As one example of how inclusiveness can be examined at various stages of research, the recent Fit & Quit clinical trial conducted in the USA focused on reducing the weight gain that occurs upon quitting smoking by randomizing participants into one of three digital weight management interventions. This study included 305 participants, and 67.9% identified as women and 43.3% identified as Black/African American, with a mean age of 54.3 (standard deviation = 11.6) [52]. Researchers found that radio advertisements (i.e., on gospel, rhythm, and blues stations) were the best method for recruiting participants who identified as Black, and online recruitment strategies (e.g., Google, Facebook advertisements) were most effective for non-urban participants [15]. When examining the likelihood of proceeding to randomization, individuals identifying as Black (OR = 0.53, 95% CI = 0.33–0.84) had lower odds of proceeding from recruitment to randomization, and individuals residing in non-urban areas (OR = 8.76, 95% CI = 1.15–66.77) had higher odds of being randomized.

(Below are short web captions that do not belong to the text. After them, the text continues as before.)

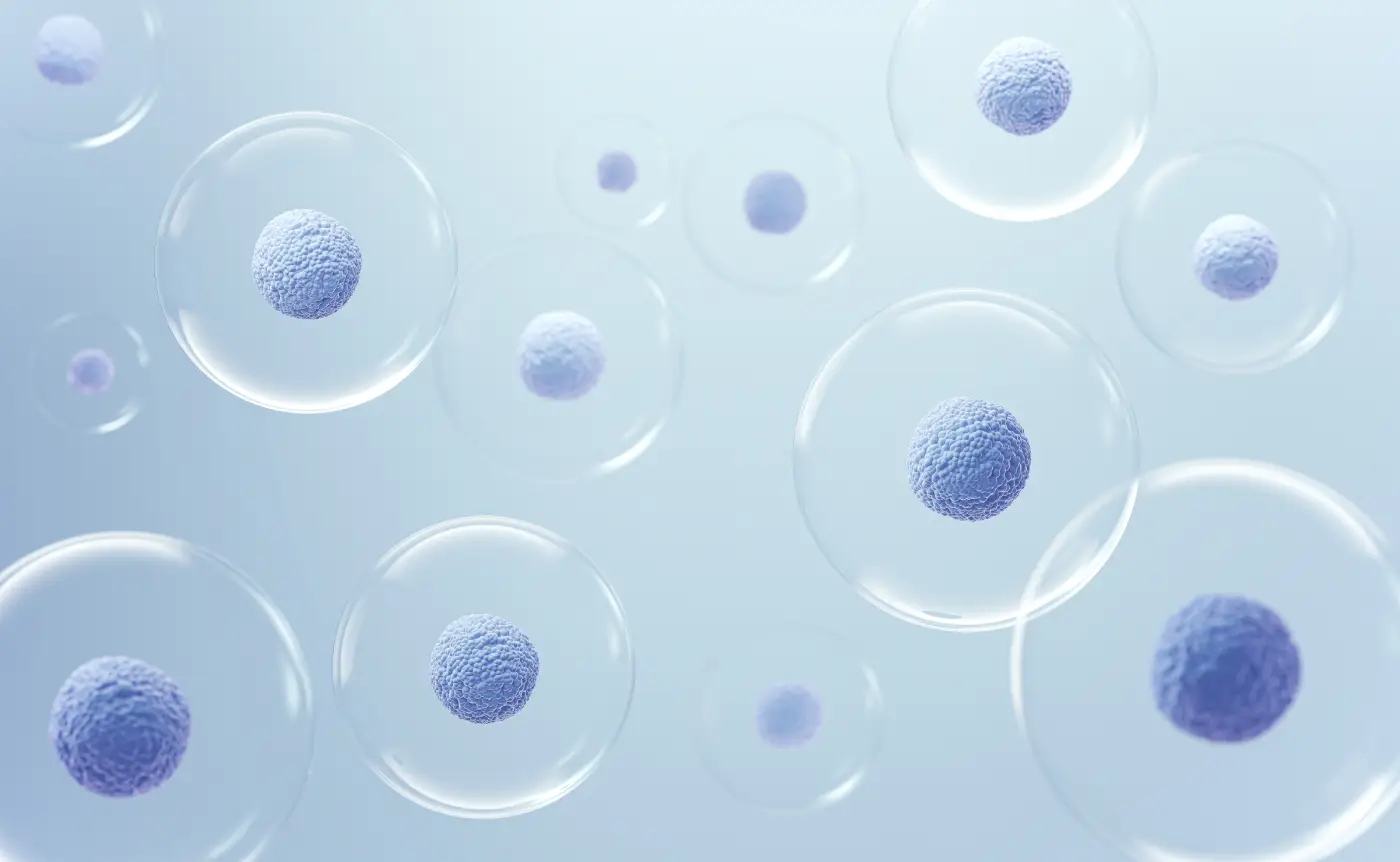 Are Umbilical Cord Stem Cells Legal? Here’s What You Should Know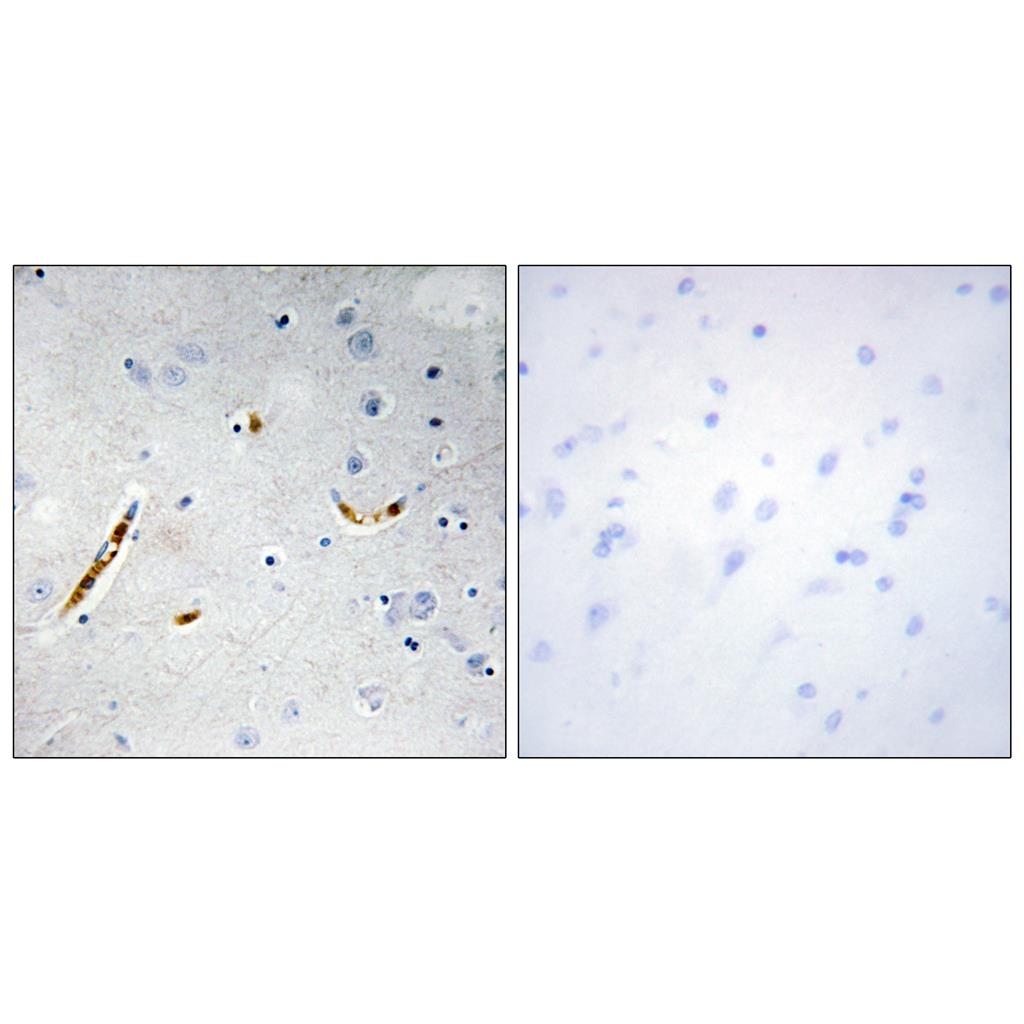 TCF-3兔多抗,TCF-3 Rabbit Polyclonal Antibody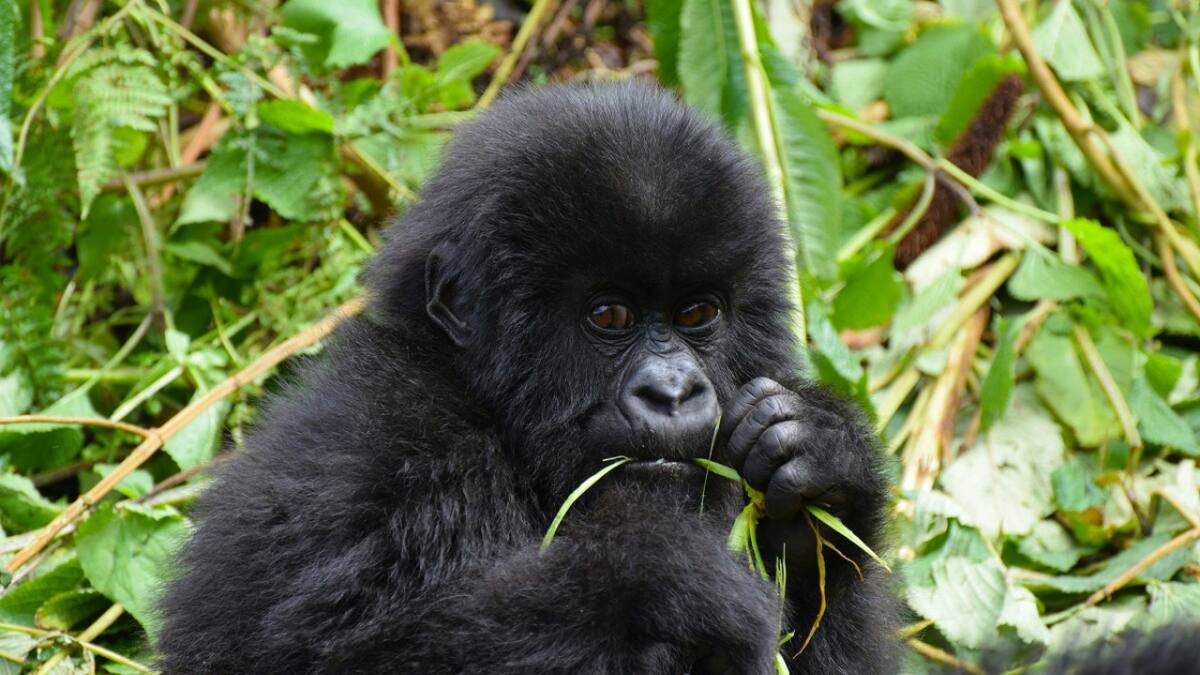 Emocionantes imágenes: rescataron a un bebé gorila que era traficado ilegalmente desde Nigeria a Tailandia
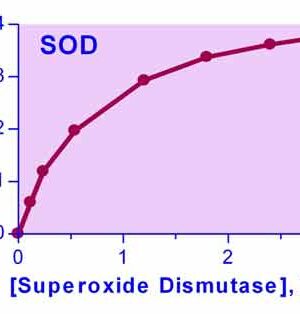 Superoxide Dismutase Assay Kit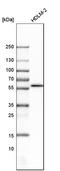 FAS antibody, HPA027444, Atlas Antibodies, Western Blot image 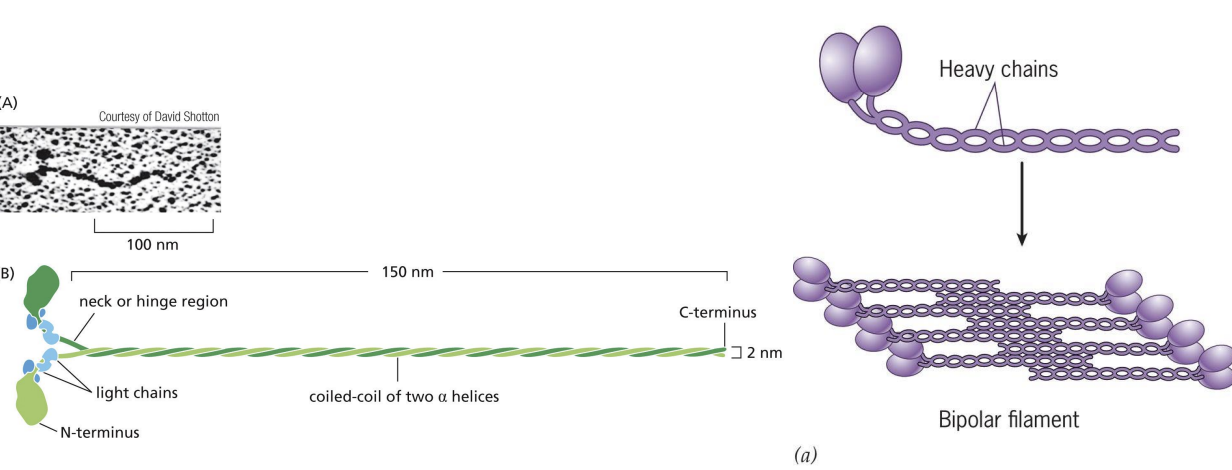 <p>Heavy chains coil together to form “tail” = protein forms filaments (bipolar filaments) which staggers arrangement of myosin molecules, so tails point inwards and heads point outwards</p>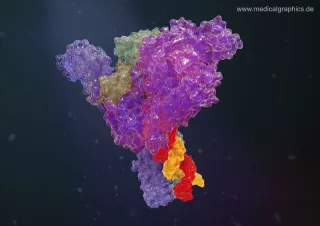 Bild: Coronavirus Polymerase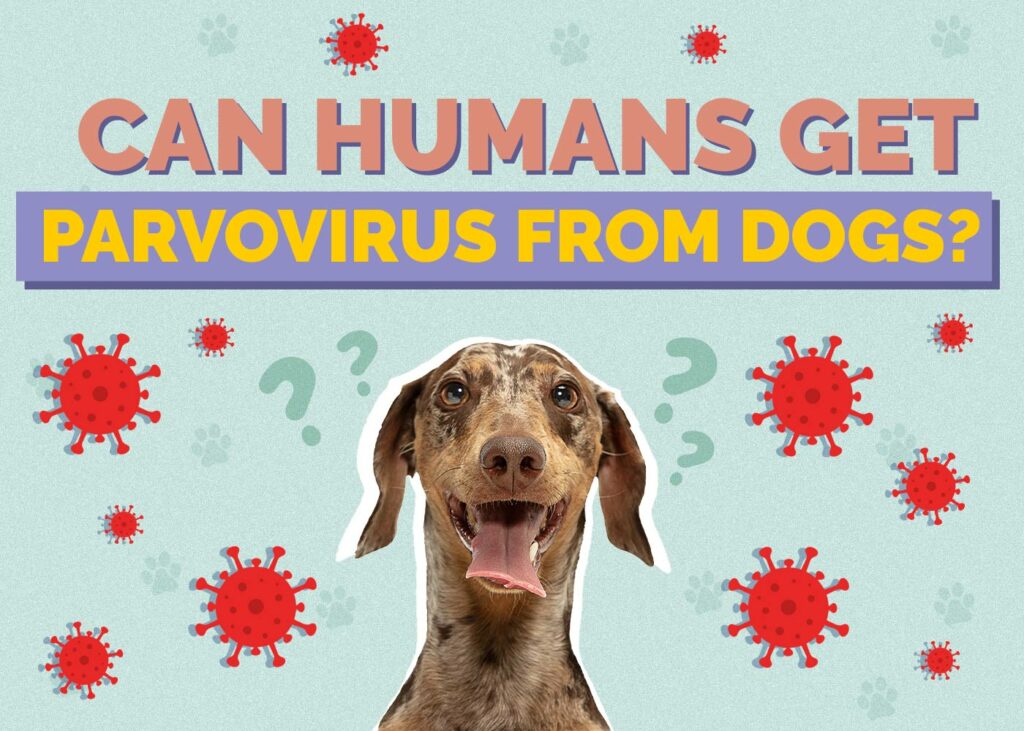 Can Humans Get Parvovirus From Dogs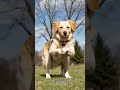 The Dog DancingЁЯШН Shortsviral Shortsfeed Trend Dance Dogdance Dogsound Dogshorts Funny Dog The Dog DancingЁЯШН Shortsviral Shortsfeed Trend Dance Dogdance Dogsound Dogshorts Funny Dog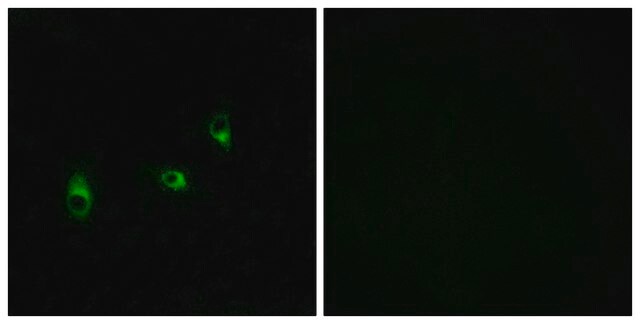 Anti-OR10G2 antibody produced in rabbit affinity isolated antibody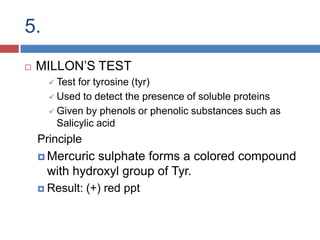 Protein Digestion Pathway  ( digestion doesn’t happen yet) Mouth and Salivary GlandsStomach( Gastric Phase)Small Intestine and Pancreas (Pancreatic Phase)	Blood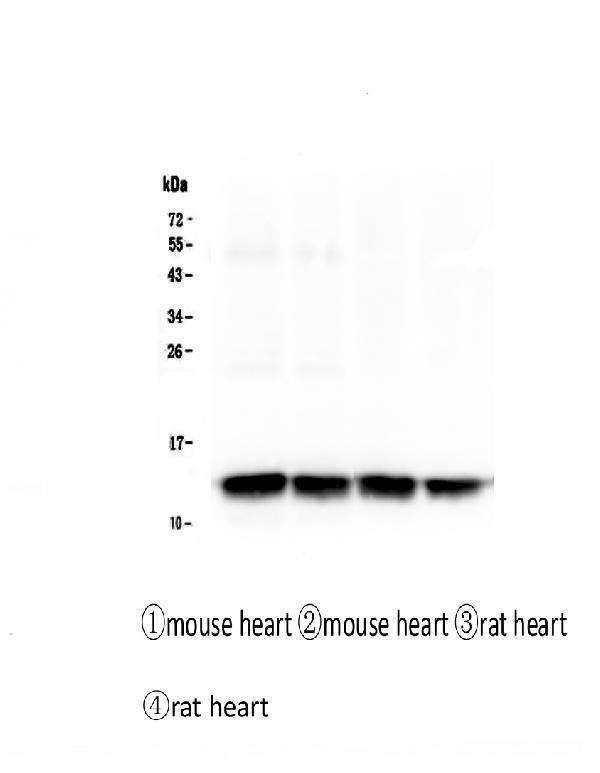 M01734 Cardiac_FABP primary antibodies WB testing 1_1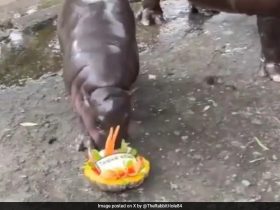 Watch: Viral Hippo Moo Deng Predicts 2024 US Election Winner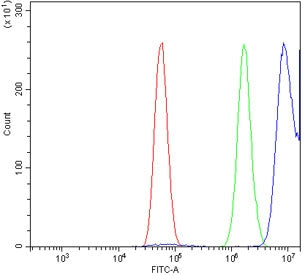 SGT1 Antibody / ECD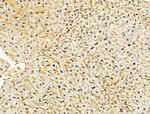 TOMM40 Antibody in Immunohistochemistry (Paraffin) (IHC (P))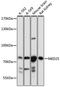 Mediator of RNA polymerase II transcription subunit 25 antibody, A03839, Boster Biological Technology, Western Blot image 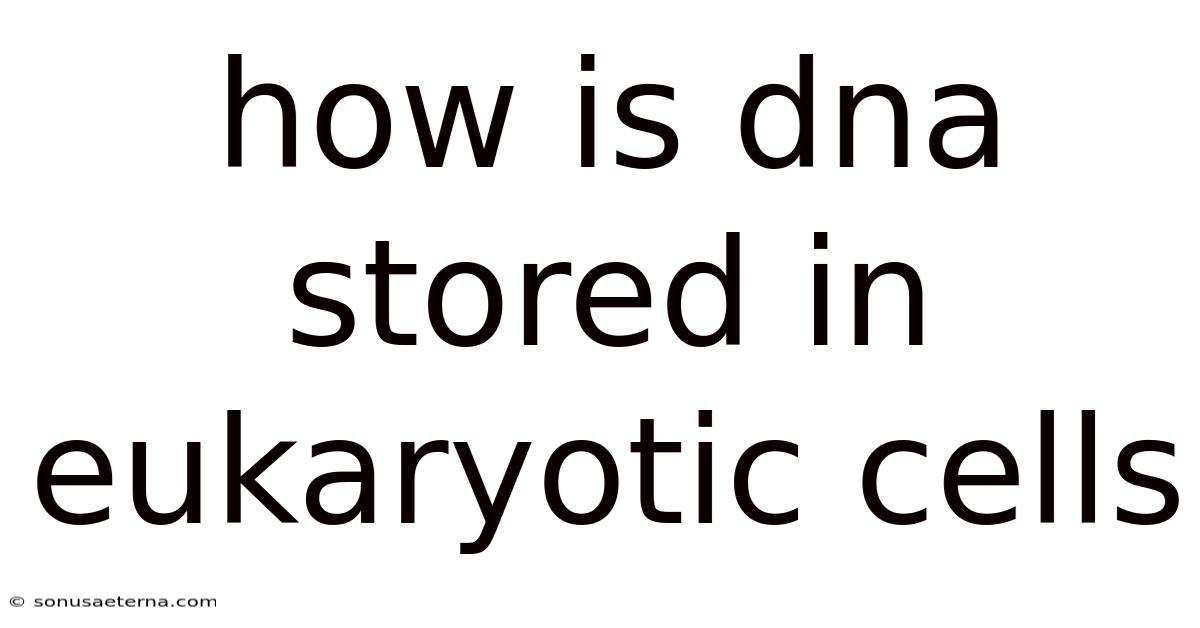 How Is Dna Stored In Eukaryotic Cells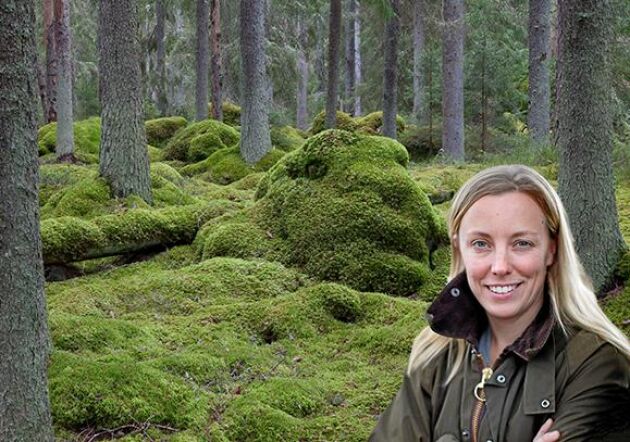  Tyvärr ser jag hur reportrarnas åsikter lyser igenom i rapporteringen från framförallt två stora svenska mediekanaler, skriver Marit Bohlin, blivande skogsägare, LRF Ungdomen. 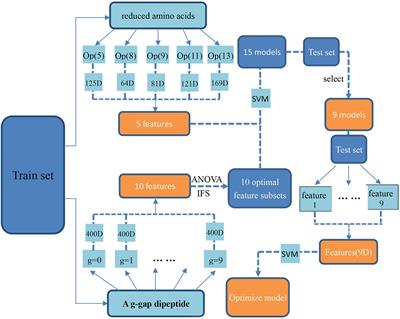 Identifying Antioxidant Proteins by Combining Multiple Methods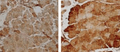 Rabbit Anti-SOD2 (Mn) Antibody used in Immunohistochemistry (IHC) on Rat muscle fibres (SPC-118)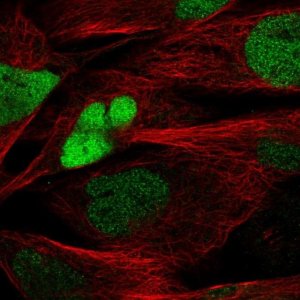 Anti-SOX8 antibody produced in rabbit 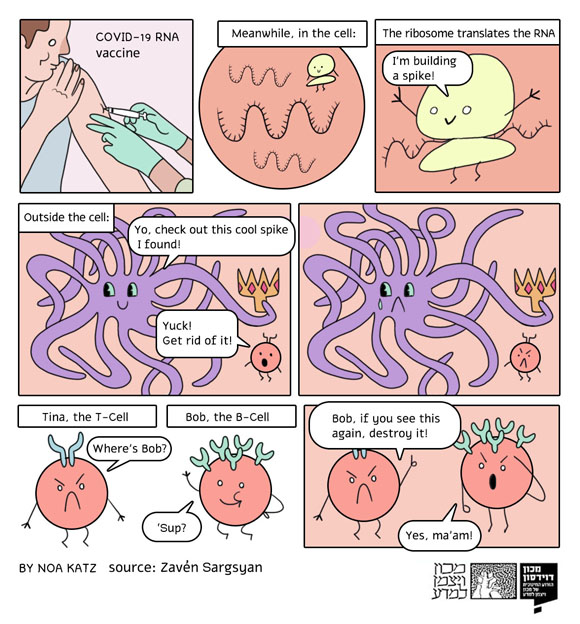 How does the mRNA vaccine work? Illustration: Noa Katz, based on a tweet by Zavén Sargsyan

In terms of engagement, participants identifying as White self-weighed more frequently than participants identifying with other racial groups (M (SD) = 3.0 (1.9) days/week vs. 2.3 (1.8), p = 0.002), with no differences observed by rurality or income. Similarly, individuals identifying as White had higher session attendance (47%) compared to those who identified with other racial groups (39% of sessions, p = 0.01), with no differences by rurality or income. In addition, while 12-month retention was overall high (89%), individuals who identified as Black (16.7% vs. 6.3% for White participants, p = 0.005) and participants with lower incomes (i.e., < $50,000) (15.7% vs. 2.4% of participants with higher incomes, p = 0.0002) had significantly higher attrition. Finally, all three weight management interventions were successful at reducing or eliminating post-cessation weight gain, and 46.9% of participants were successful at quitting smoking, with no race, rurality, or income-based differences (ps > 0.05) [52]. Thus, future applications of this research should pay particular attention to facilitating randomization, intervention engagement, and retention among participants who identify as Black as well as retention among those with lower incomes.

Conclusions

In summary, digital health interventions have the potential to address disparities by improving reach and engagement among individuals who would not otherwise have access to in-person programs (e.g., rural populations, those with caregiving responsibilities or transportation issues, those with non-traditional work schedules, individuals with disabilities, and those with lower SES). To appropriately fulfill the promise of digital health interventions, however, researchers need to modify common research practices to improve broader knowledge of for whom, where, and why inequalities arise. Tackling these challenges, and aiming to recruit, randomize, engage, and retain a broader and more representative swath of the population in digital health trials, is crucial to the future of our field and broader support of health equity. It is our duty as researchers not to be part of the problem, but to be part of the solution.